ACTIVITY.
Pictures excluded, output the lines of the data below between the one holding "sexy low hip sexy saree strip tease" and the one holding "Coffee & Fruit", inclusive, exactly as they stand.

EXERCISE DATA.
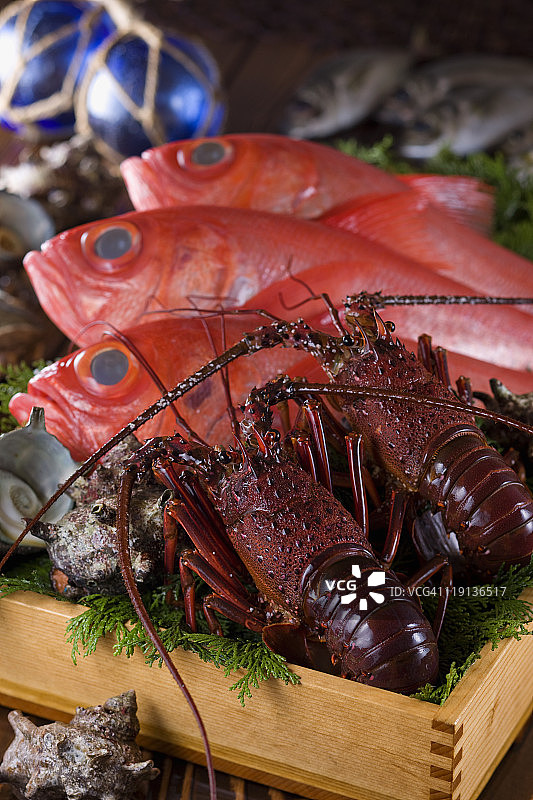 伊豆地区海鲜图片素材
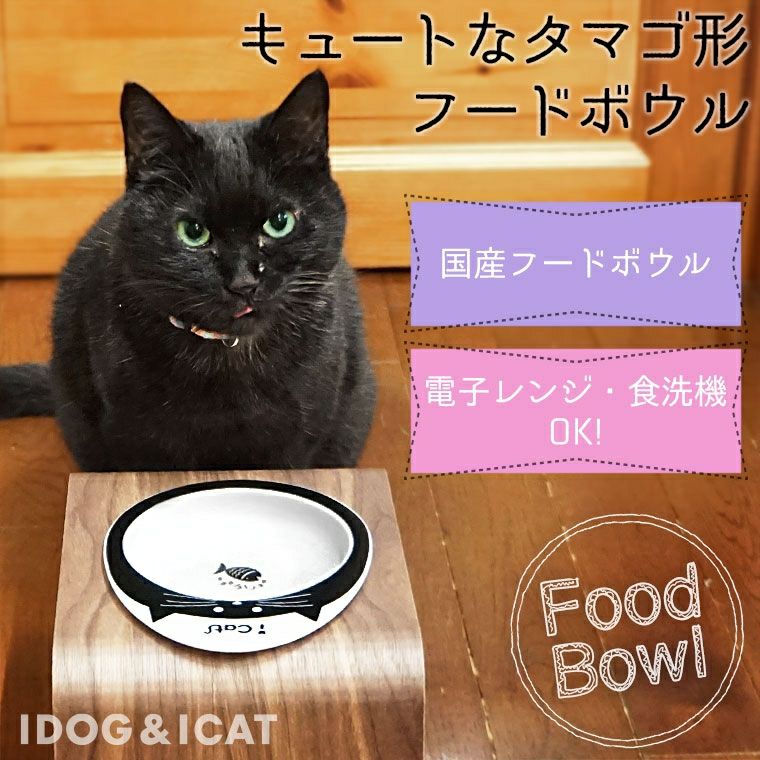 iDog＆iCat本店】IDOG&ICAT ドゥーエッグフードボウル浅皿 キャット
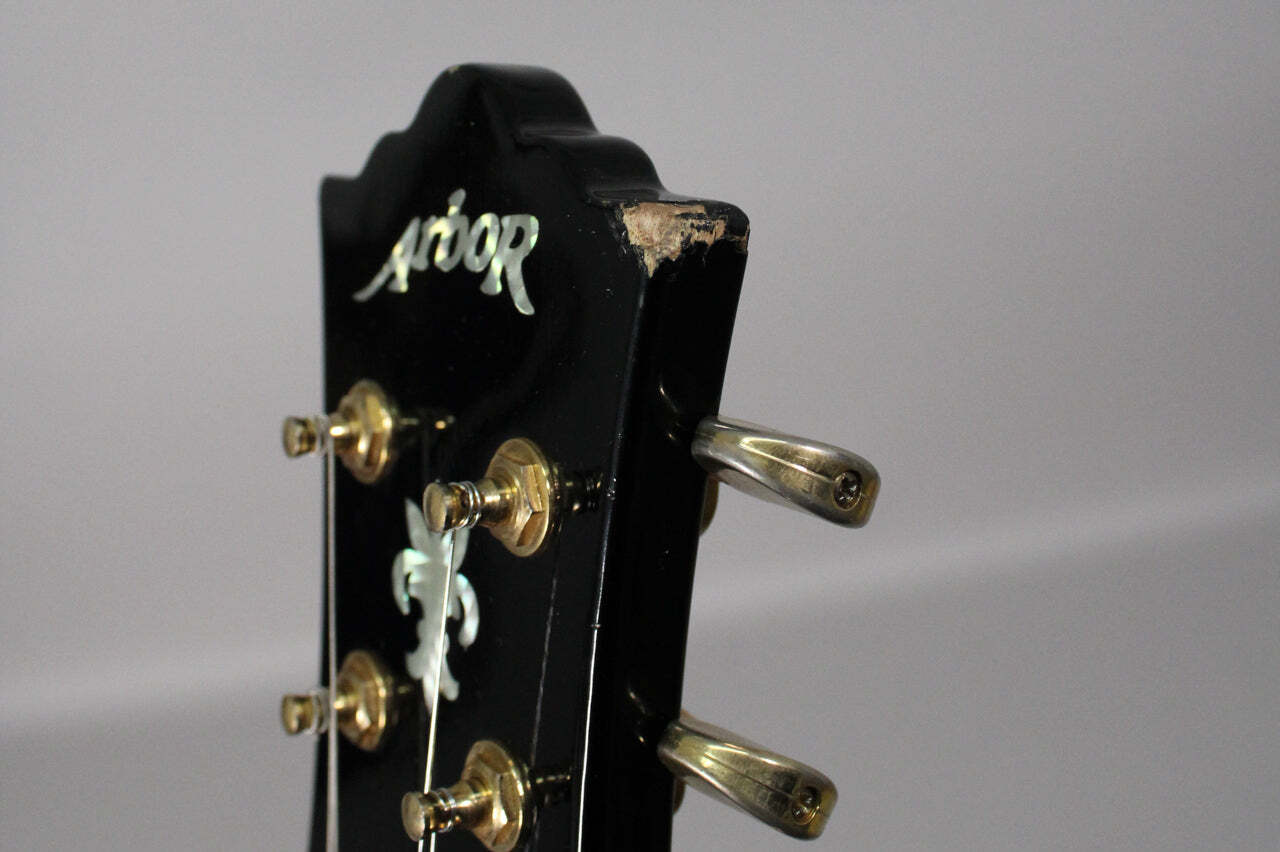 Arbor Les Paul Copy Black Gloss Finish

...

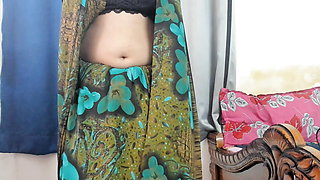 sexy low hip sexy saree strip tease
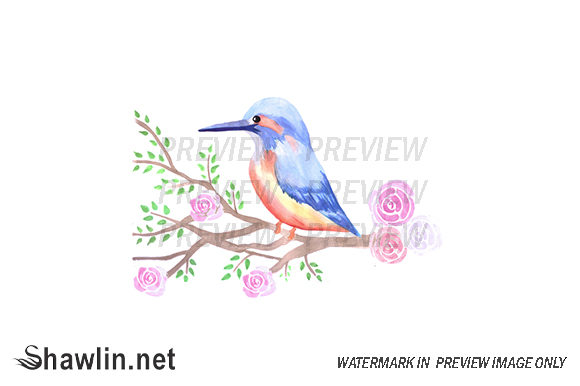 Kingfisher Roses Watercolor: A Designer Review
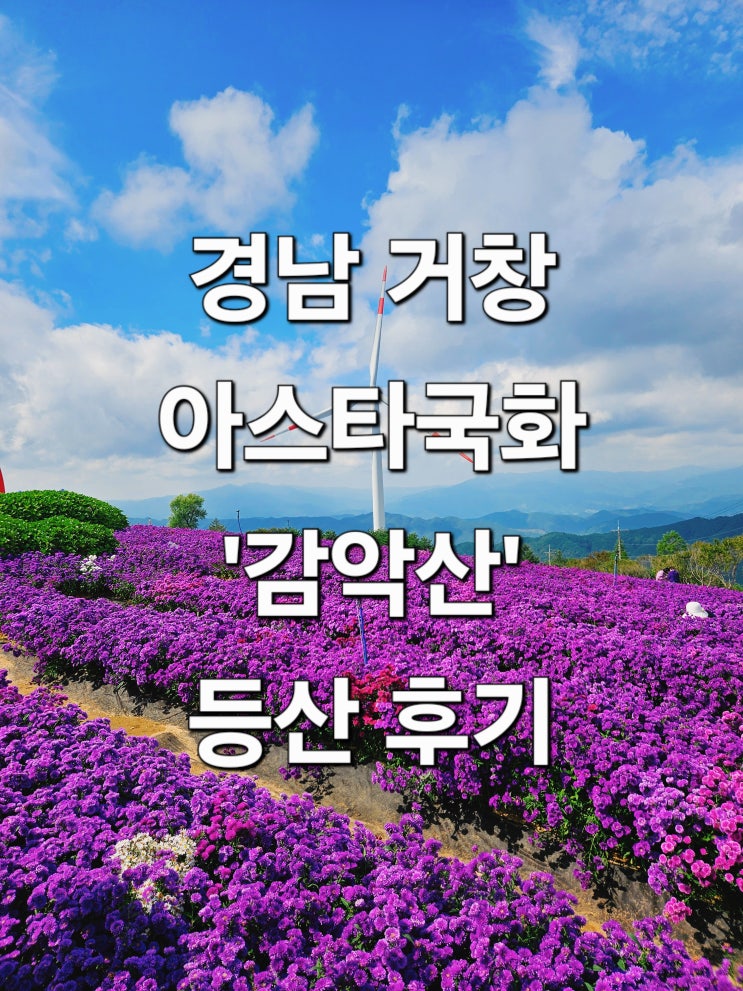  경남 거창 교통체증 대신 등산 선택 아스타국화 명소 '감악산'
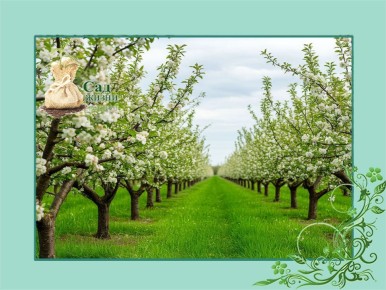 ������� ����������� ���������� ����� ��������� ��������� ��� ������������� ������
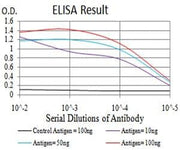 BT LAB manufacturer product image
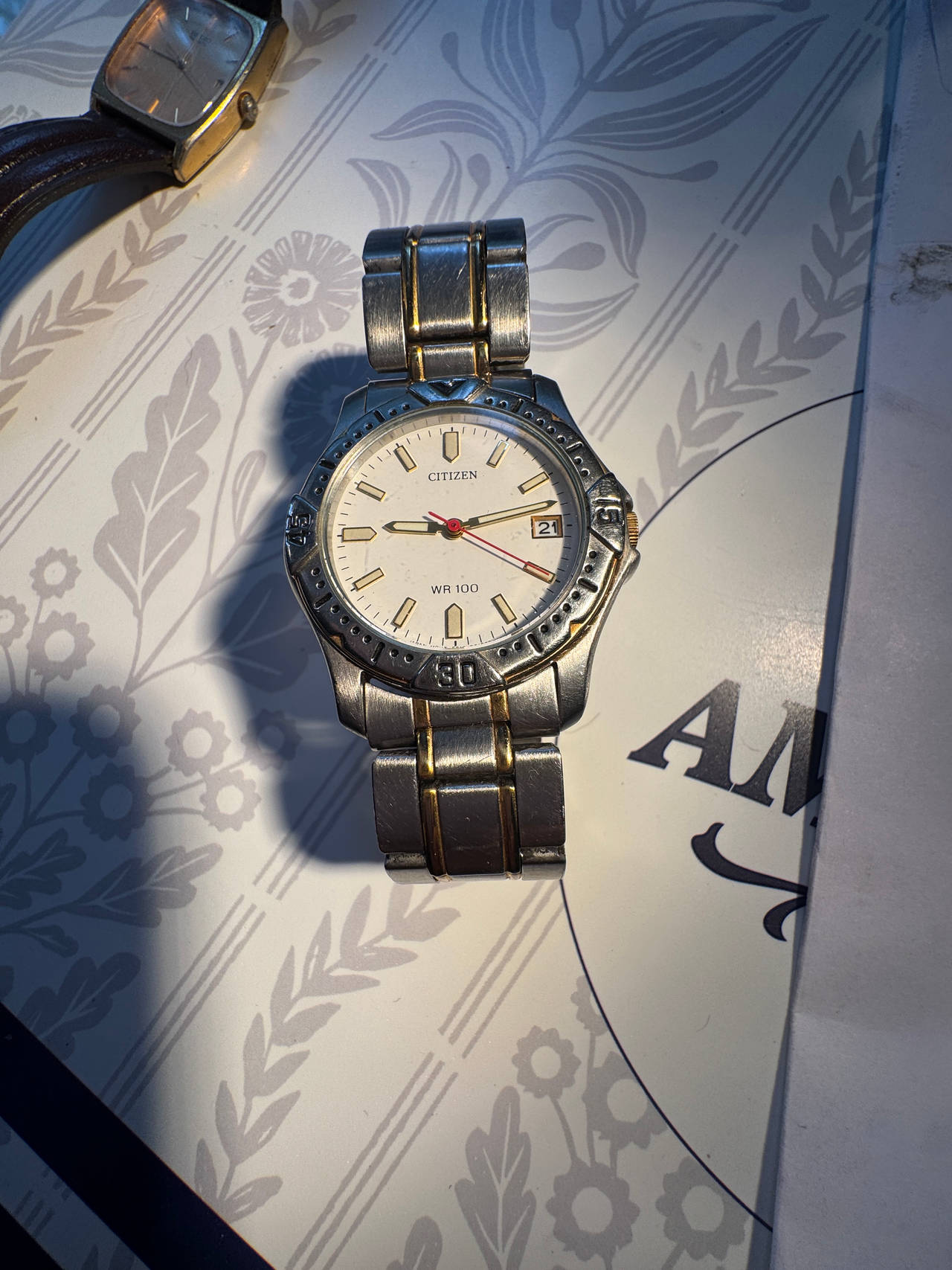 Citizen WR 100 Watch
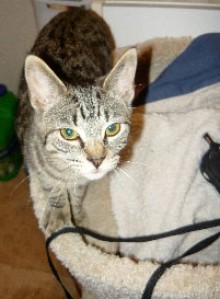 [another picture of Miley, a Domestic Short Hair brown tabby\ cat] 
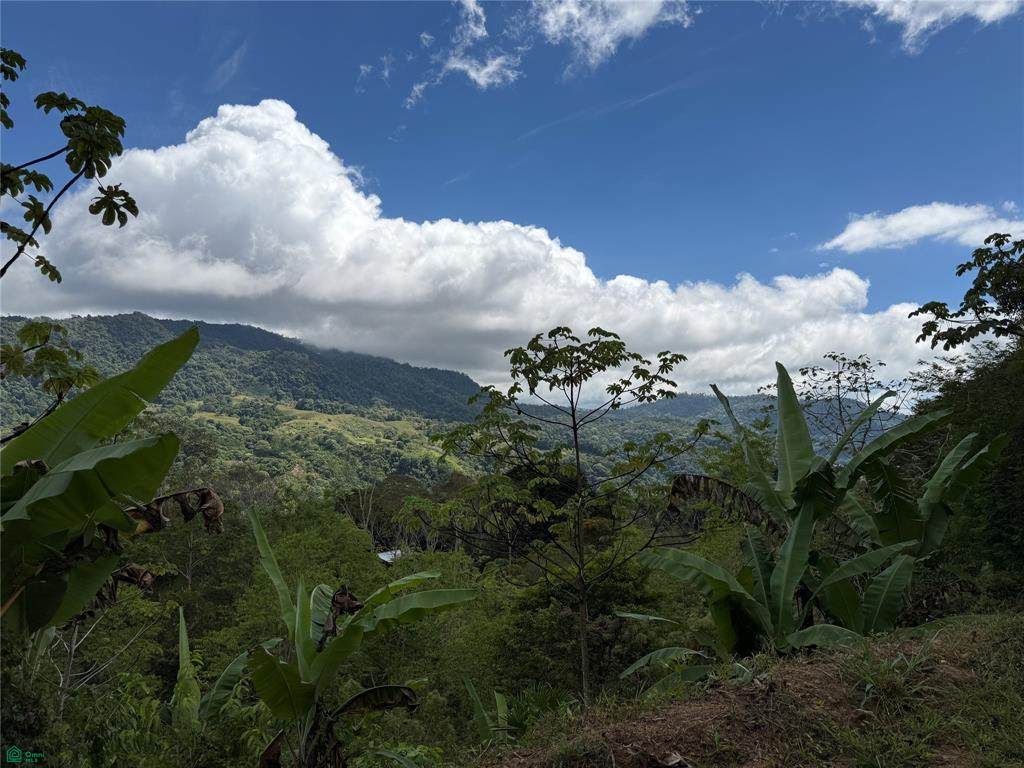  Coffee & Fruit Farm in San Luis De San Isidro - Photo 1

...

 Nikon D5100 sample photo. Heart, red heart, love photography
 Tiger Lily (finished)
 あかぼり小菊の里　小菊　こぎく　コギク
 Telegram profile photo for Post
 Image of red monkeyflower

RESULT OF THIS TASK.
 sexy low hip sexy saree strip tease
 Kingfisher Roses Watercolor: A Designer Review
  경남 거창 교통체증 대신 등산 선택 아스타국화 명소 '감악산'
 ������� ����������� ���������� ����� ��������� ��������� ��� ������������� ������
 BT LAB manufacturer product image
 Citizen WR 100 Watch
 [another picture of Miley, a Domestic Short Hair brown tabby\ cat] 
  Coffee & Fruit Farm in San Luis De San Isidro - Photo 1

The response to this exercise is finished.